Al momento, però, è solo parziale il coinvolgimento del Terzo Settore nel PNRR, in rapporto ai Comuni e a tutta la PA, che pure prevede notevoli investimenti per l’inclusione e la coesione sociale (oltre 19 mld).

 Non ci sono riferimenti alla fase di co-programmazione e di co-progettazione, ex artt.55 e 56 CTS. Sembra essere mancata una volontà politica, forse per evitare le difficoltà da superare inizialmente per coinvolgere gli Ets nella definizione delle politiche pubbliche nel campo della cultura, dell’agricoltura sostenibile, dell’economia circolare, della sanità territoriale, del diritto allo studio.

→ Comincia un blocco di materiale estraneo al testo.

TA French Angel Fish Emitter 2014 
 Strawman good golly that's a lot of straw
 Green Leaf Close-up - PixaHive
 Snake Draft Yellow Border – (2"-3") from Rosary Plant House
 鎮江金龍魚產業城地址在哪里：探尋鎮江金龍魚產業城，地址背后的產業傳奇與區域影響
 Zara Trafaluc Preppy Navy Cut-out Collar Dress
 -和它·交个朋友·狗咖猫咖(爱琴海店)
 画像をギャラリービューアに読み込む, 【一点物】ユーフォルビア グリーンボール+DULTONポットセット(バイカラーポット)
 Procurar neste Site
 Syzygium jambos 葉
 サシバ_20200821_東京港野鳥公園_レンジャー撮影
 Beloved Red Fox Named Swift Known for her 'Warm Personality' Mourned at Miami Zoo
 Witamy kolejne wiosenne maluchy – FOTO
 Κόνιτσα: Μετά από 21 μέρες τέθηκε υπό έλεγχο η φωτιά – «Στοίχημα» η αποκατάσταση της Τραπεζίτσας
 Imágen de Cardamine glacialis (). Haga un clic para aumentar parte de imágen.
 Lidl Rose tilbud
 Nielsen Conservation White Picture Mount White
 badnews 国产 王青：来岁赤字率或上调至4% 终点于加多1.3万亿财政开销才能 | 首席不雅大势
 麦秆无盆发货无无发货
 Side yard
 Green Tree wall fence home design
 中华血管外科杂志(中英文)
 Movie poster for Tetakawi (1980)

Tutto ciò nonostante l’UE abbia adottato nel 2021 il Piano d’azione per l’economia sociale con l’intento di coinvolgere le imprese sociali nel potenziamento degli investimenti sociali.

Occorre, in particolare, valorizzare il ruolo socio-assistenziale e generativo che il Terzo Settore può avere nei confronti di persone vulnerabili, anziani e disabili, soprattutto per accrescere l’assistenza domiciliare. Questa materia non può essere lasciata solo agli Enti Locali ed alla Aziende sanitarie, povere di medicina di prossimità, come si è visto nella pandemia. Nel PNRR si fa un chiaro riferimento a Ets a proposito degli interventi di housing sociale per le persone senza fissa dimora. Si tratta però di un segmento molto limitato rispetto alla complessa realtà di milioni di anziani, immigrati, disabili. La strada da fare è ancora molta. Lungo questa strada sarà necessario anche valutare l’impatto della Riforma del Codice del Terzo Settore – dopo l’implementazione dei decreti attuativi, compreso quello sui vantaggi fiscali, all’approvazione della Commissione europea – e considerare l’opportunità di eventuali integrazioni. Tutto questo farà bene alla salute del corpo sociale, debilitato dopo la pandemia.